Waiting to die was excruciating, to the point I briefly considered suicide to speed up the process. I understood for the first time how afraid I really am of death, even if that fear stems from a belief that I'm not yet prepared to take that journey. Thankfully while I was off by myself R talked to the students and told them to ignore me and implored their help in starting a fire, expressing that we were inebriated on mushrooms and how grateful we would be for their assistance. They finally started a fire for us, for which I owe them a debt of gratitude. The fire very much helped to ground me and allay my fears. Ryan told them our inebriation would subside in several hours and they returned to their campsite.

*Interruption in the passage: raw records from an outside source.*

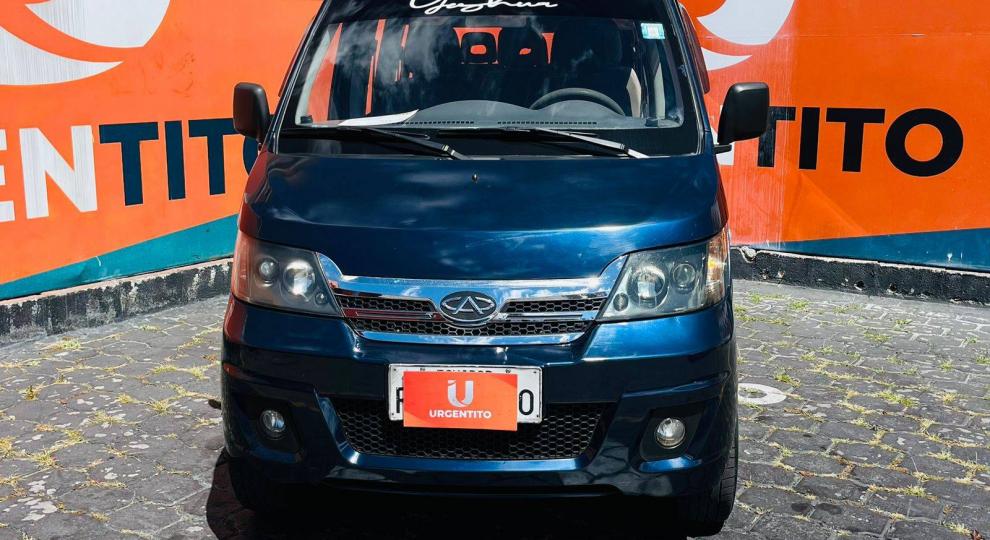Chery Q22l 2014 Quito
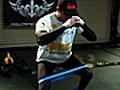 MMA Superstar Vitor Belfort s Workout Dynamic  | BahVideo.com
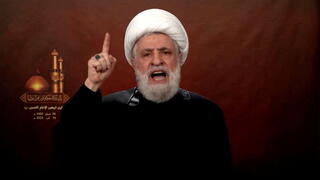 Hezbollah chief warns Lebanon over Israel deal: ‘It crosses every red line’
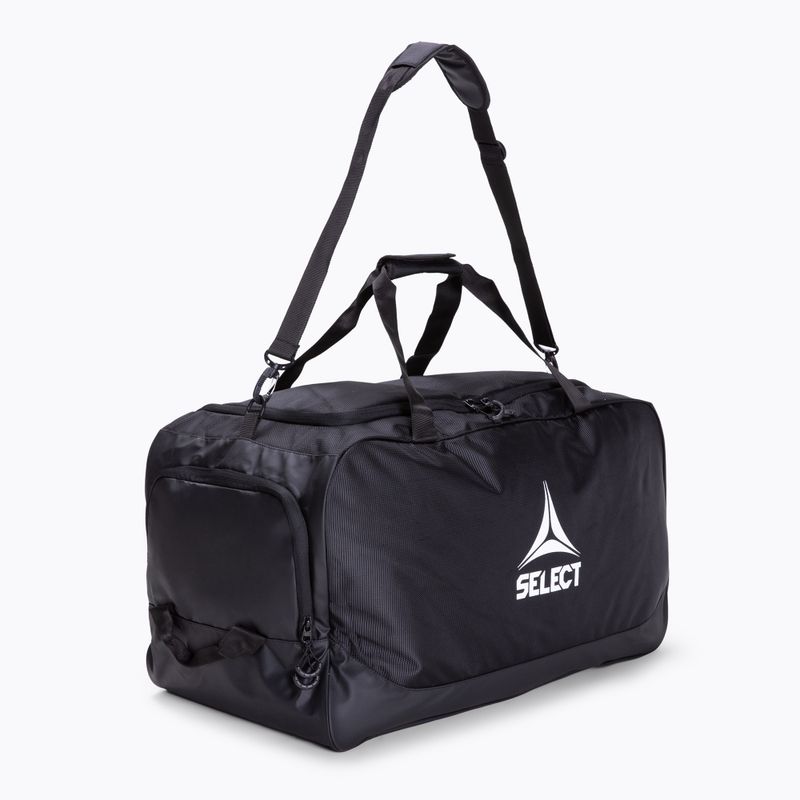 Treniruočių krepšys SELECT Milano team 82 l black 830024 2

Being by the fire I slowly started to believe I would continue this existence.

[T+???] After some time in front of the fire I slipped into a transcendental state. I became fully immersed in the mushroom reality. I have had several level 4 tryps before, but this was my first level 5 experience. The "mushroom feeling" was now in full effect, stronger than ever. It was all the gratefulness, humility, love, connectedness, awareness of grace and awe of my previous tryps, but magnitudes greater. I had a complete loss of time sense because I was too busy with the immediate experience of living. I was caught up in the mystical, ecstatic experience the mushrooms are generous enough to provide. They truly are my greatest teacher, an invaluable gift from God. I came to appreciate and understand Buddhism far better. I perceived the real power, elegance and truth of the yin-yang symbol and how its dichotomous yet joined nature pervades everything. I understood that all life is suffering and why the Buddhist masters laugh, even despite this. I could perceive the pervasive hidden patterns running throughout existence. I learned once again that the purpose of existence is just to exist and that existence has always been there and will always be there. I could truly understand the awesome power of cooperation and love. And I was aware of how powerless I am, and how dependant upon God's grace I am. R and I talked across the campfire, sharing this amazing state - the most wonderful, honest, insightful conversations. We explored the nature of reality and each other.

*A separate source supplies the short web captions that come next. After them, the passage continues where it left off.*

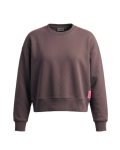BLUZA BRĄZOWA LOVE ME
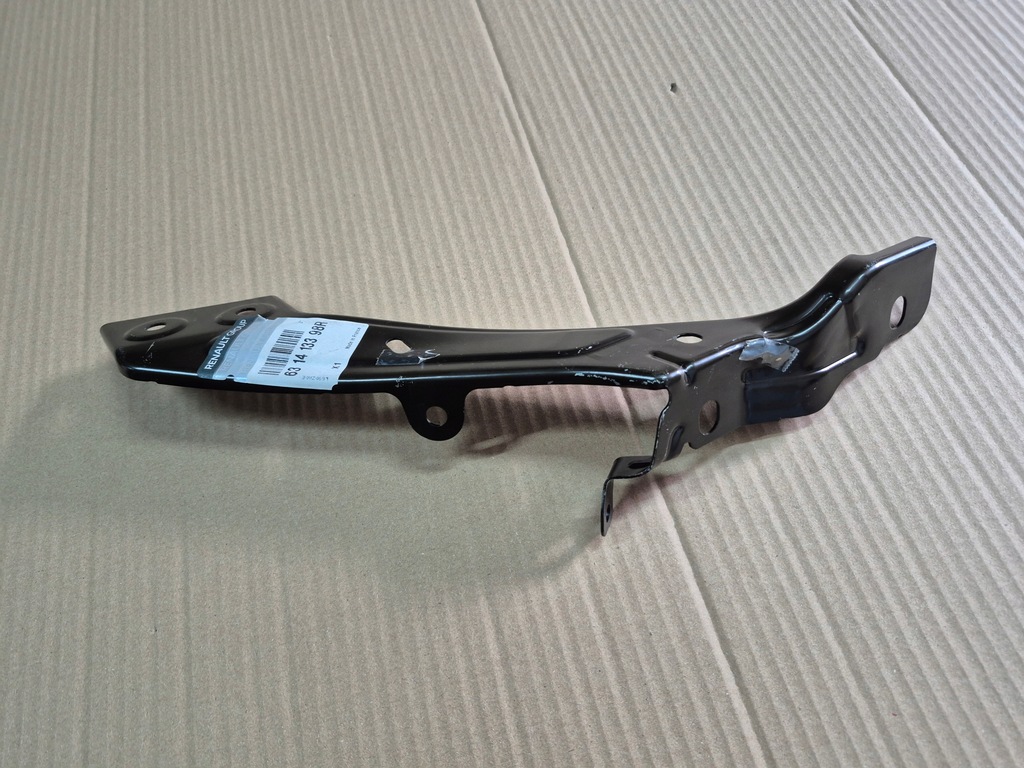 фото №6, Renault megane 4 iv кронштейн крила перед ліва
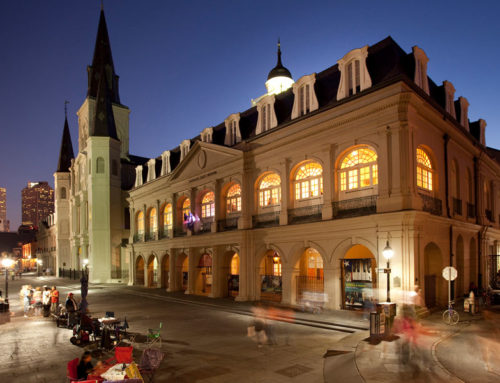 Louisiana State Museum Case Study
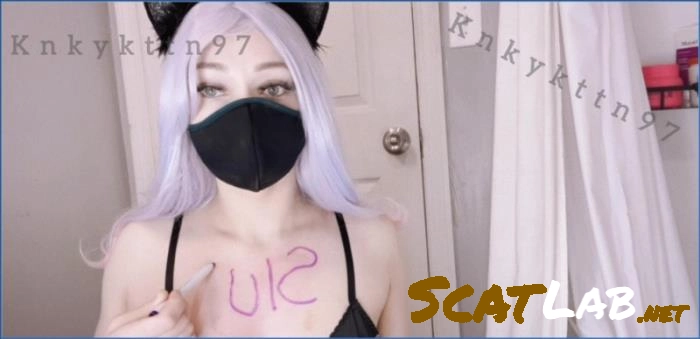 KnkyKttn97 DepScat Extreme Action Hardcore - FullHD – ScatLab poster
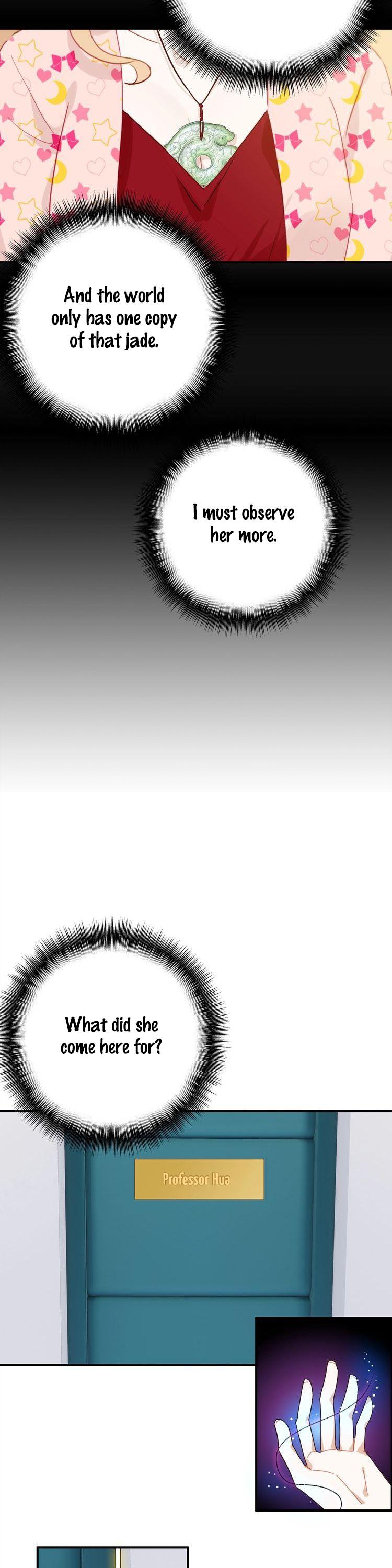 You Are My Lovely Dragon King Chapter 41 page 17 - Chapter 41: Enemies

[T+~4:30] As we talked the mushrooms began to fade and we slowly returned to the other, everyday, reality. Around this time the HS students returned, with video camera in tow, and we were thankful for the opportunity to document in some small way our experiences and to try to explain to them the other, mushroom, reality, despite its inherent ineffability. They must have thought we were extremely strange, but they were curious and helpful. They asked questions about the mushroom reality, which we did our best to answer. Finally, they helped us find our flashlight and left for the night. We cleaned up our campsite, ate a little, smoked some cannabis and went to bed.

Summary: This experience was the most powerful and profound in my life. The mushrooms are an incredible helper and teacher, although they may teach you things that are very hard to learn or that you may not want to learn. This tryp was both my "worst" and "best" ever. I certainly transcended everyday reality and had powerful terrifying and enlightening portions. I hope I can learn from and integrate these experiences into my everyday existence to grow to be a better person. Peace and love to you and all of creation.